CUDA Timeout?

Is there some kind of built in timeout period in CUDA that prevents you from calling long-running kernels?

I’ve written a function that does a large amount of processing in a loop. I compiled the function with both device and host qualifiers, so that I can test it from the cuda kernel as well as on the cpu (the only difference is that I pass a ptr to device memory vs a pointer to host memory).
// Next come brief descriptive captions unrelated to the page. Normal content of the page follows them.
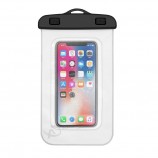 Caixa de telefone celular impermeável transparente para natação sacos secos
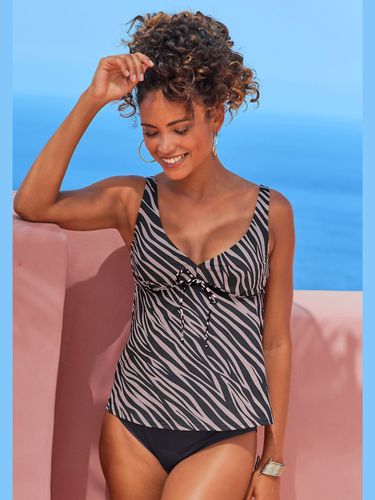 Haut de maillot de bain à armatures imprimé zébré élégant - LASCANA - Modalova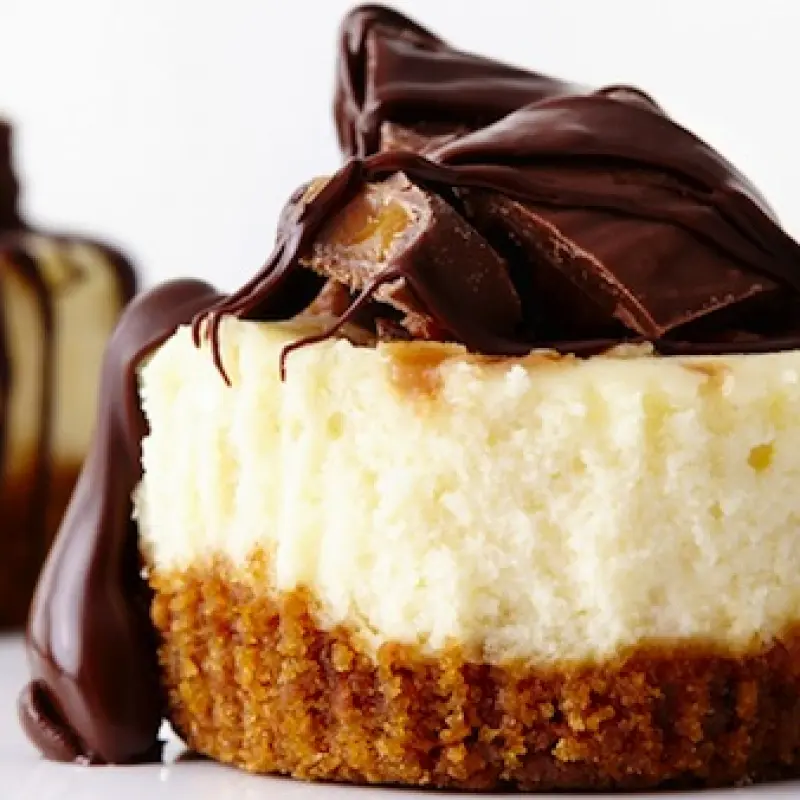 Mini Skor Bar Cheesecake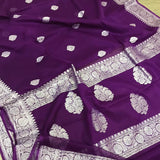 Purple Banarasi Khaddi Saree,Wedding Saree, Indian Sarees, Online Sarees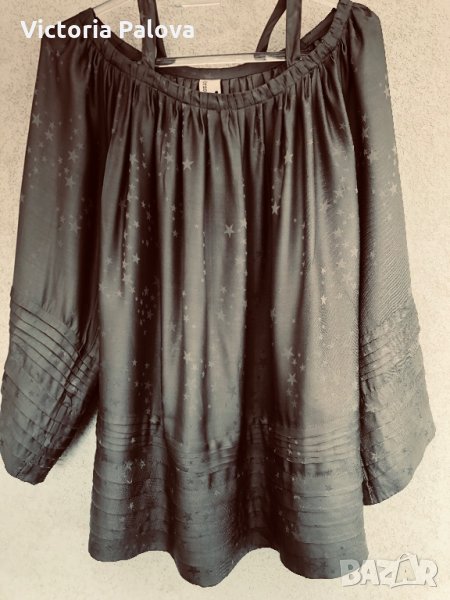 Прекрасна копринена блуза STAR JAQUARD, снимка 1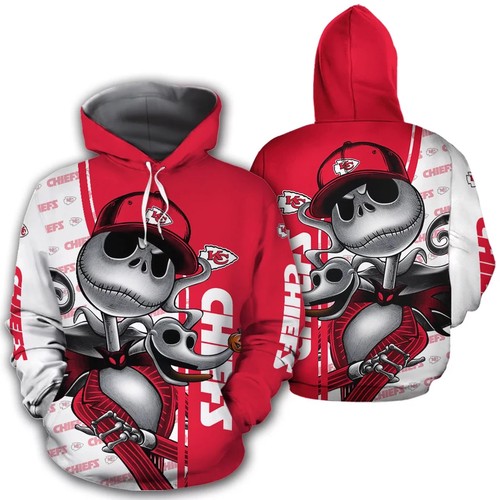 Amazon Sports Team N.f.l Kansas City Chiefs Jack Skeleton Hoodie 3D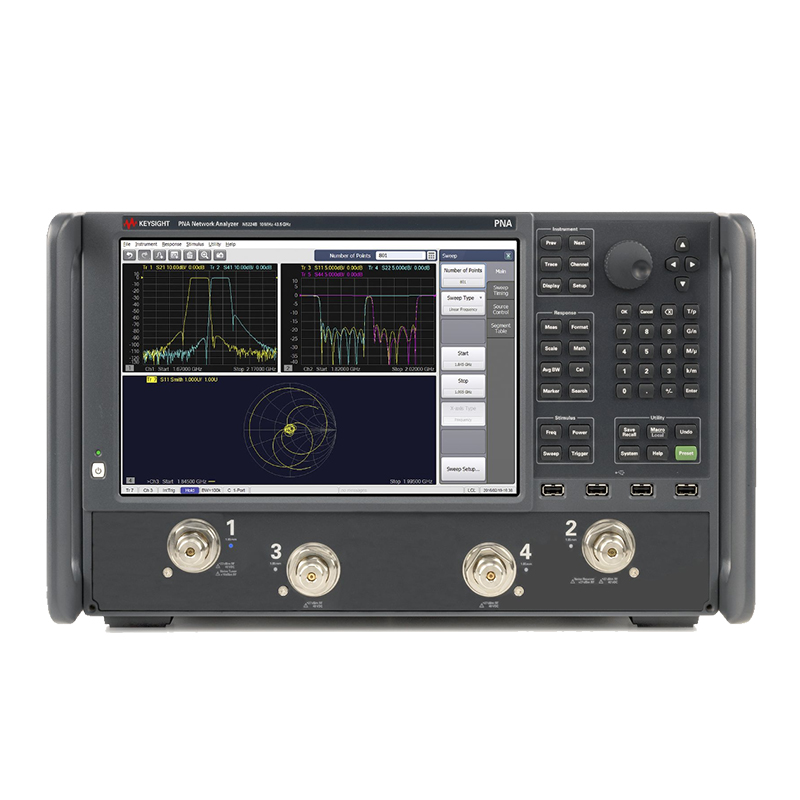 是德N5224B PNA 微波網(wǎng)絡(luò)分析儀，900 Hz/10 MHz 至 43.5 GHz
I’ve tested the function and it works properly, but if I increase the number of processing iterations too high, on the device version the screen goes black and the kernel fails with unknown error.

You can check if there’s a run time limit on kernels using the deviceQuery executable in the SDK.
Here’s an example for my setup:

CUDA Device Query (Runtime API) version (CUDART static linking)
There is 1 device supporting CUDA

Device 0: “Quadro FX 1600M”
CUDA Capability Major revision number: 1
CUDA Capability Minor revision number: 1
Total amount of global memory: 536150016 bytes
Number of multiprocessors: 4
Number of cores: 32
Total amount of constant memory: 65536 bytes
Total amount of shared memory per block: 16384 bytes
Total number of registers available per block: 8192
Warp size: 32
Maximum number of threads per block: 512
Maximum sizes of each dimension of a block: 512 x 512 x 64
Maximum sizes of each dimension of a grid: 65535 x 65535 x 1
Maximum memory pitch: 262144 bytes
Texture alignment: 256 bytes
Clock rate: 0.55 GHz
Concurrent copy and execution: Yes
Run time limit on kernels: Yes
Integrated: No
Support host page-locked memory mapping: No
Compute mode: Default (multiple host threads can use this device simultaneously)


Press ENTER to exit…

PS: If you happen to own a GF9800GX2 (or maybe a GTX295), I believe the second GPU does not have a run time limit on kernels


There is a watchdog timer in the NVIDIA driver which prevents kernels from monopolizing the GPU for more than a fixed amount of time (5-10 seconds depending on the OS) when that GPU is also driving a display. The solution is to use a dedicated GPU for CUDA, or in the case of linux, dont run an active display on the card.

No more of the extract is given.